I begin with one theme that stands out in the post-election exchange (a theme which, as we know, simply continued a lengthy, often acrimonious pre-election "debate"). And that theme is this: the notion that one cannot "impose" one's morality on anyone else: the"live and let live" cliche. I never cease to wonder how any really serious, thoughtful person can fail to see through such nonsense, to see the implications of what they are saying. That is to recognize the fact that we "impose" morality of some sort just about everytime we enact a law or when a court hands down a decision.
Of course, there are instances in which -- for PRUDENT reasons -- we should not/cannot proscribe immoral behavior. But there are many situations in which we should do the opposite, that is proscribe immoral acts. One difficulty it seems is that those who espouse a "live and let live" philosophy either fail to see or simply ignore the SOCIAL implications of their position. We can say that, for example, that allowing same sex couples to "marry" is no one's business but the couple's own. A view which, obviously, assumes a radically individualistic worldview: a view that, holds, in effect, that we are little automous moral atoms floating around in the universe. But that, quite clearly, is a very defective take on the matter. To allow certain practices such as SSM is impose a particular moral view -- a view of the nature of the human person, a view of the nature of marriage and family -- ON SOCIETY AS A WHOLE.
Regrettably, however, those who regale us with their radicalized laissez faire morality will not listen: they will simply repeat the same old cliches, thinking that mere repetition will make them true.

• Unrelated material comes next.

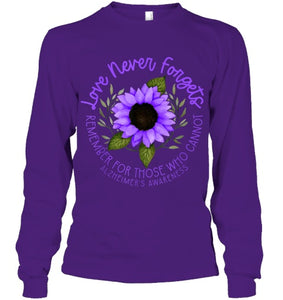 Alzheimer Awareness Tee for Men and Women Purple sunflower T Shirt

But to continue. I noticed that the subject of abortion was again broached by a number of the Patch "regulars". One of whom conceded that abortion entails the killing of a human being but not the killing of a "person" (hence abortion is morally OK). An interesting sophistry, a version of morality "imposed" on us some decades ago by a very problematic SCOTUS decision.
And people who now claim to have a high regard for human life. And who have apparently forgotten the human race's ingenuity in playing the "person" game in one form or other. I cannot help but wonder also how abortion became a human right just a few short years after being condemned by the World Medical Association as a "crime against humanity". Actually, however, I don't think that I really need to ask that question: I think that I already know the sophistries that would be spun out by folks who would try to rationize their way out of this little troubling matter.

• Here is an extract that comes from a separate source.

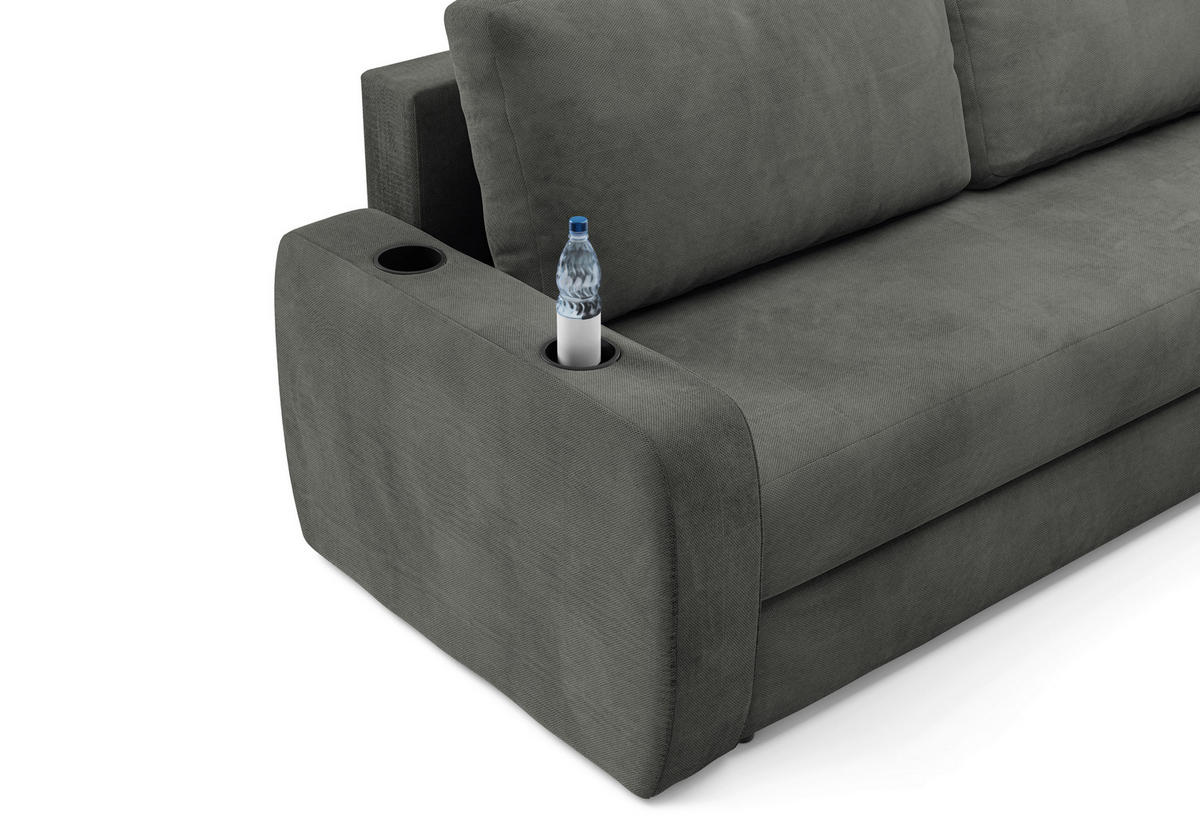 SCHLAFSOFA INES in Plüsch Grau  - Schwarz/Grau, Design, Kunststoff/Textil (258/98/95cm) - Livetastic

And another curious theme running through the recent spate of comments: it seems that a lot of people have real difficulty figuring out when individual human life begins. They talk about "potential" life (w/o explaining the difference between a potential life and an actual life).
Or they just feign puzzlement: nobody really knows when a human life begins: or it's just a matter of one's religious views and, as such, is a question that has no standing in the public square. Interesting, especially in view of the fact that we have known since the 1850s that an individual's life begins at conception. And in view of the fact that until the abortion movement came along we had no trouble recognizing this fact. But now, oh dear, we just can't figure it out.

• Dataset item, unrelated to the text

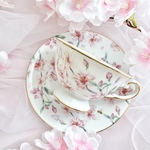 〜桃色麗華・桜の舞〜　高台ティーカップ&ソーサー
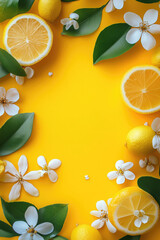 Colorful Spring Elementss Frame Border Background - Space for Text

To add to all this nonsense, we have the tiring discussions about whether or not Scripture can be invoked in defense of traditional marriage. These discussions seem to suggest that Woodbury is a vertiable center of Higher Biblical Criticism, a den of Scripture scholars. People who tell us that Scripture doesn't mean what it says: that the people who wrote the Scriptures weren't modern or progressive enough to know that SSM and related practices are really OK.
That aside, however, there is one question that the "regulars" don't seem much inclined to address. And that question is this: many people do, in fact, enter into public discussions with their Bibles open, citing Biblical principes on behalf of whatever positions (whether rightist or leftist positions) they wish to "impose" on society. But then many of the "regulars" tell us that the Bible has no place in the public arena: that to cite Scripture in favor of one public policy or another is to "impose" a religious view. Which, by implication, is to say that the so-called "Bible bangers" stand in violation of the constitutional principle of the separation of church and state. Are the "Bible bashers" then telling us that their opposites are, in effect, violating the law and that we need a court decison or some such that would forbid them to drag their religion into the public square? Seems to be a pertinent question but one which, unfortunately, the "regulars" do not seem to want to face up to.
And as the old Disney line used to have it "that's all folks". At least for now. I am now leaving town to spend a few days with family, leaving all the post-election unpleasantness behind. And as usual this blog will be closed to comment, leaving the "regulars" to find another way of responding. that is, if they choose to do so.